▸ **INFORMATION SHOWN**
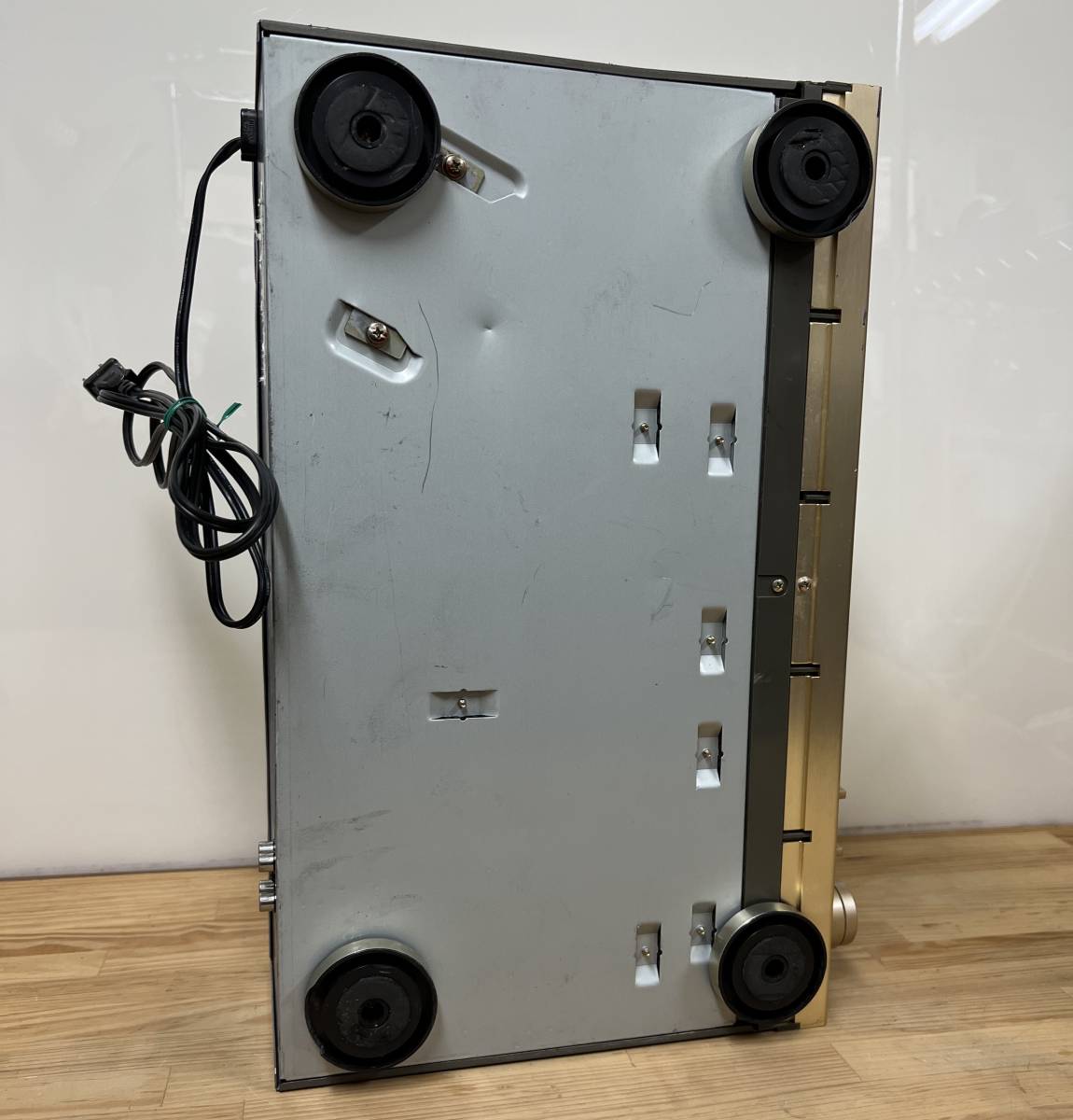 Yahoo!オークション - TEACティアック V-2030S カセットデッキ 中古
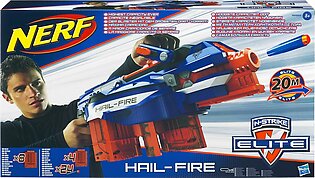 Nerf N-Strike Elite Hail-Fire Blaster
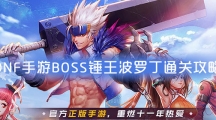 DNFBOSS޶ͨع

▸ **INSTRUCTIONS FOR THE TASK**
Transcribe the data completely. No pictures should appear in the transcription.

▸ **WRITTEN SOLUTION**
 Yahoo!オークション - TEACティアック V-2030S カセットデッキ 中古
 Nerf N-Strike Elite Hail-Fire Blaster
 DNFBOSS޶ͨع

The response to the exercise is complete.